Unfortunately, as already noted, conventional fiber Bragg gratings and the processes used to make them have a number of problems which it is desirable to overcome. For example, the fibers usually have to be exposed one-by-one, severely limiting mass-production. Specialized handling during manufacturing is generally necessary because the dosage of the UV exposure detemimes the quality of the grating produced. The orientation of the fiber is also critical, and best results are achieved when the fiber is oriented in exactly the same direction as the phase shift mask. The desired period of the Bragg grating will be deviated from if the fiber is not precisely aligned and accomplishing this, in turn, introduces mechanical problems. The way that the fiber work piece is held during manufacturing may produce stresses that can cause birefringes to form in the fiber and reduce the efficiency of the end product grating.
Once in use, conventional fiber Bragg gratings may also require special handling. The thermal expansion coefficient of the base optical fiber is often significant enough that changing environmental conditions can cause the fiber to either expand or shrink to the extent that the period of the grating and its center wavelength shift.
Accordingly, what is needed is an improved process for fabricating optical gratings, and particularly for the subset of optical gratings known as Bragg gratings.
Accordingly, it is an object of the present invention to provide improved processes to manufacture optical gratings.
And another object of the invention is to provide improved processes to manufacture Bragg type optical gratings.

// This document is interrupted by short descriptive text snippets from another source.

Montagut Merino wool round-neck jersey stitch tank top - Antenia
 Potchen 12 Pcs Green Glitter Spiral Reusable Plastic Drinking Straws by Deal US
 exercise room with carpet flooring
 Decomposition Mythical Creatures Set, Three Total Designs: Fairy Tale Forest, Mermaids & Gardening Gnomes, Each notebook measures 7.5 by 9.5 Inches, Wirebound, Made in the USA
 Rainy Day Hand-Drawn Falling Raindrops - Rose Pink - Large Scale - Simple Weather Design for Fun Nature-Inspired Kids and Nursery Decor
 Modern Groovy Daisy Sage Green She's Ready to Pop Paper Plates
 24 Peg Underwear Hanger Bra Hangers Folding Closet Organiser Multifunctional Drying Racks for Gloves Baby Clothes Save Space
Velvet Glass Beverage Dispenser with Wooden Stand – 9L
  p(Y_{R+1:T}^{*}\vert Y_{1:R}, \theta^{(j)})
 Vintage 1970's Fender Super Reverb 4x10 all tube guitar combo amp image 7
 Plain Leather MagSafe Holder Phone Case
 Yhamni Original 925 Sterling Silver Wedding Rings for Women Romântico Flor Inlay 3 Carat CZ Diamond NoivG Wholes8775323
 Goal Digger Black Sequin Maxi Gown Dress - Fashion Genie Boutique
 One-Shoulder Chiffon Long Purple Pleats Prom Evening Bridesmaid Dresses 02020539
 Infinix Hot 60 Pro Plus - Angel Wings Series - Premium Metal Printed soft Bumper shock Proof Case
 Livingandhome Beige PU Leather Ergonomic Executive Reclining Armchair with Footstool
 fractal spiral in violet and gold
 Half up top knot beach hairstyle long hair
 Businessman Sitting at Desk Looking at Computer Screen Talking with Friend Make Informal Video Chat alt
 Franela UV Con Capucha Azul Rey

Briefly, one preferred embodiment of the present invention is a method for fabricating an optical grating. The method includes providing a substrate, a layer of transmissive material, a first reflector below the layer of transmissive material, a grating region in the layer of transmissive material, and providing a second reflector above the layer of transmissive material.
An advantage of the present invention is that it provides improved processes to manufacture a variety of optical gratings, particularly including Bragg type optical gratings.
Another advantage of the invention is that it does not use fiber based media, thus eliminating a number of disadvantages in both fiber based manufacturing processes and fiber media based grating products.
Another advantage of the invention is that it may employ already well known and widely used manufacturing processes and materials, adopted from conventional electronic semiconductor integrated circuit (IC) and micro electromechanical system (MEMS) manufacturing. Highly desirable attributes of such processes may thus be imparted to the inventive processes and the products produced there with, including mass automated manufacturing, rigorous quality control, high yields, and low cost.
Another advantage of the invention is that it permits easy, very high integration with other products of conventional IC and MEMS manufacturing processes.
And another advantage of the invention is that it permits the manufacture of multidimensional gratings.
These and other objects and advantages of the present invention will become clear to those skilled in the art in view of the description of the best presently known mode of carrying out the invention and the industrial applicability of the preferred embodiment as described herein and as illustrated in the several figures of the drawings.